Traditionally, developing small molecules for research or drug treatments has been a painstaking enterprise. Drugs work largely by binding to a target protein and modifying or inhibiting its activity, but discovering the rare compound that hits a particular protein is like, well, finding a needle in a haystack. With a specific protein target identified, scientists typically either gather compounds from nature or synthesize artificial compounds, then test them to see whether they act on the target.

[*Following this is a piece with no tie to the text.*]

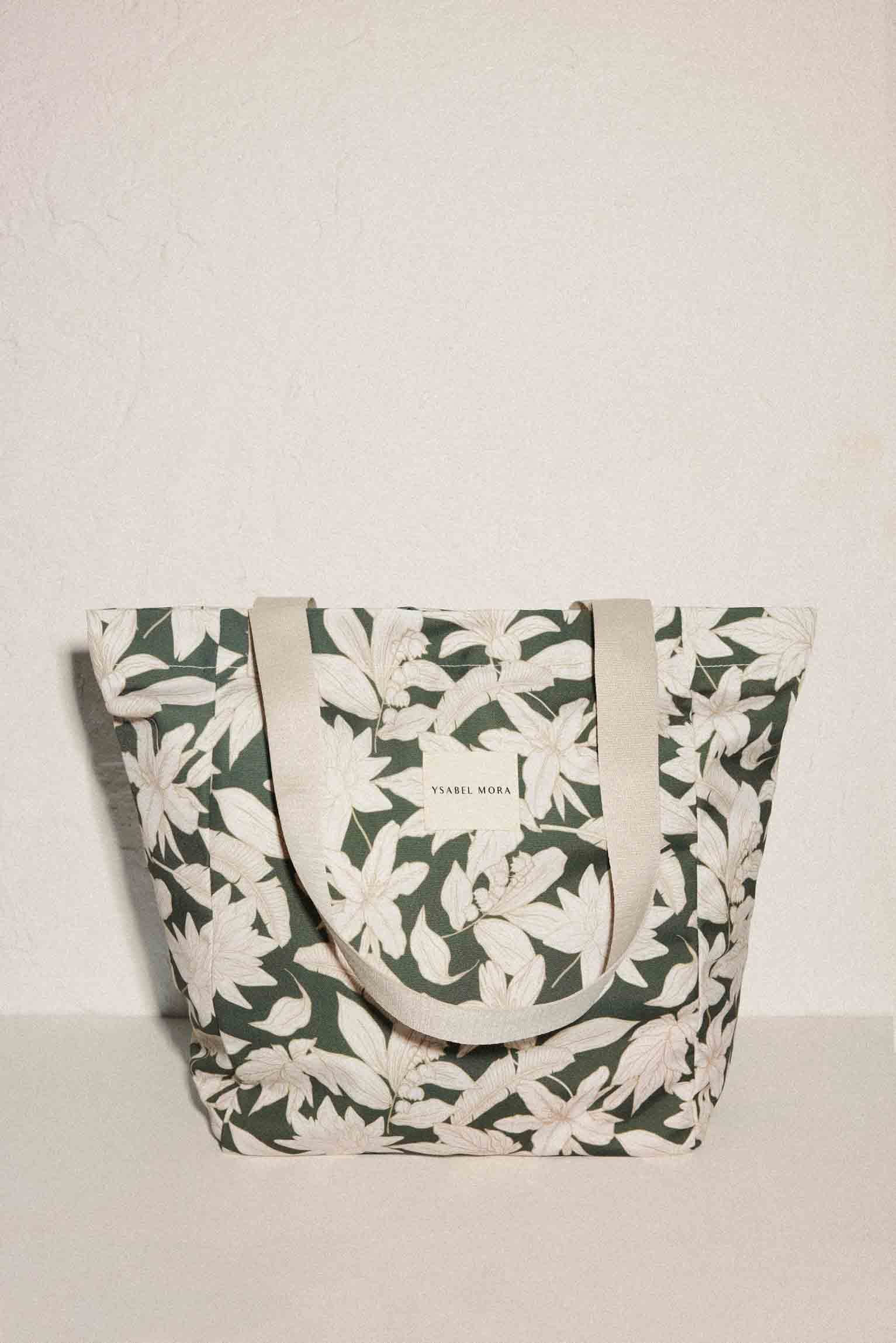 Bolso de playa con estampado floral y neceser extraíble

The birth of combinatorial chemistry in the early nineties promised to revolutionize this laborious process by offering a way to synthesize trillions of compounds at a time. These test tube techniques have been refined to "evolve" collections of as many as a quadrillion different proteins or nucleic acids to bind a molecular target. These techniques are called molecular breeding, because like traditional livestock and crop breeding techniques, they combine sets of genotypes over generations to produce a desired phenotype. Molecular breeding has been restricted to selecting protein or nucleic acid molecules, which have not always been the best lead compounds for drugs. Conventional synthetic organic chemistry, which has traditionally been a better source of candidate drugs, has not been amenable to this type of high throughput molecular breeding.

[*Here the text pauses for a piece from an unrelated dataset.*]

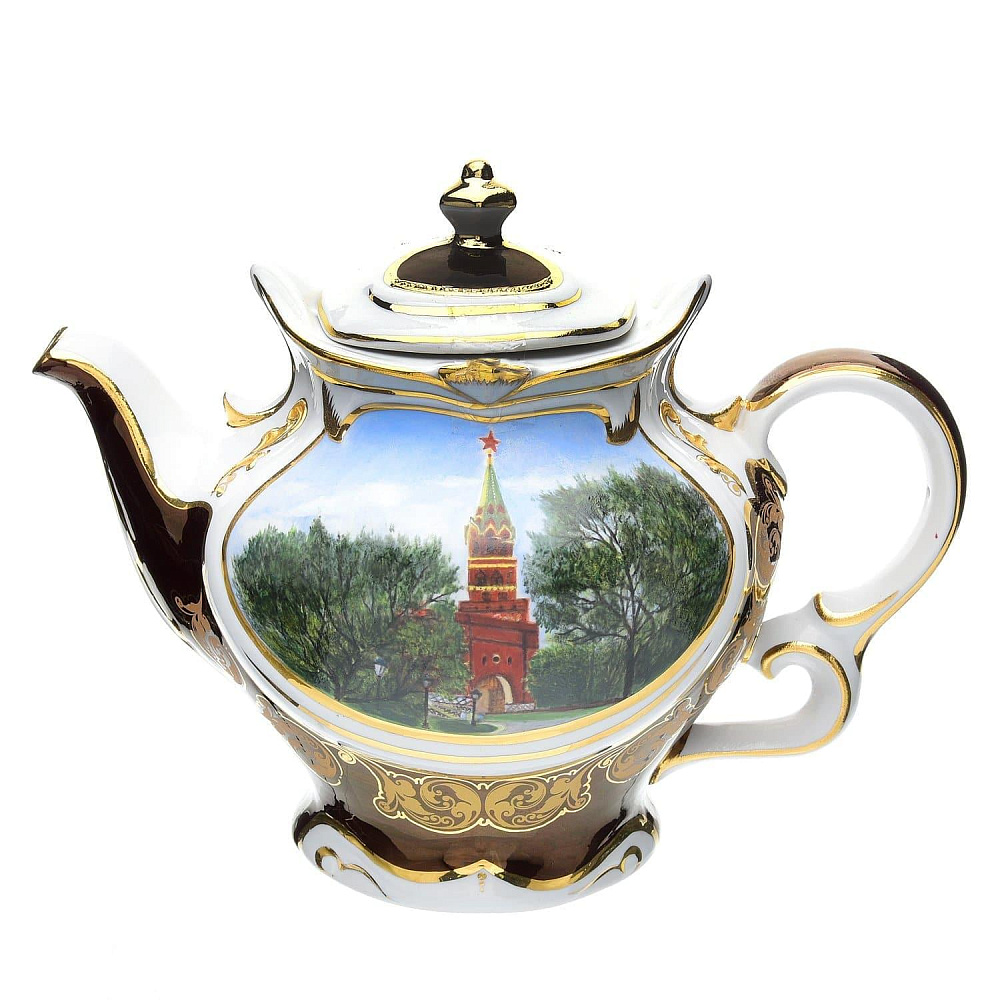 Самовар электрический «Спасская башня». Фарфор. 5 л. с чашками, чайником и сахарницей - интернет магазин Русь Велика я фото 2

But this bottleneck has potentially been overcome and is described in a series of three articles by David Halpin et al. in this issue of PLoS Biology. By inventing a genetic code that acts as a blueprint for synthetic molecules, the authors show how chemical collections of nonbiological origin can be evolved. In the first article, Halpin et al. present a method for overcoming the technical challenge of using DNA to direct the chemical assembly of molecules. In the second, they demonstrate how the method works and test its efficacy by creating a synthetic library of peptides (protein fragments) and then showing that they can find the "peptide in a haystack" by identifying a molecule known to bind a particular antibody. The third paper shows how the method can support a variety of chemistry applications that could potentially synthesize all sorts of nonbiological "species." Such compounds, the authors point out, can be used for drug discovery or as molecular tools that offer researchers novel ways to disrupt cellular processes and open new windows into cell biology. While medicine has long had to cope with the evolution of drug-resistant pathogens, it may now be possible to fight fire with fire.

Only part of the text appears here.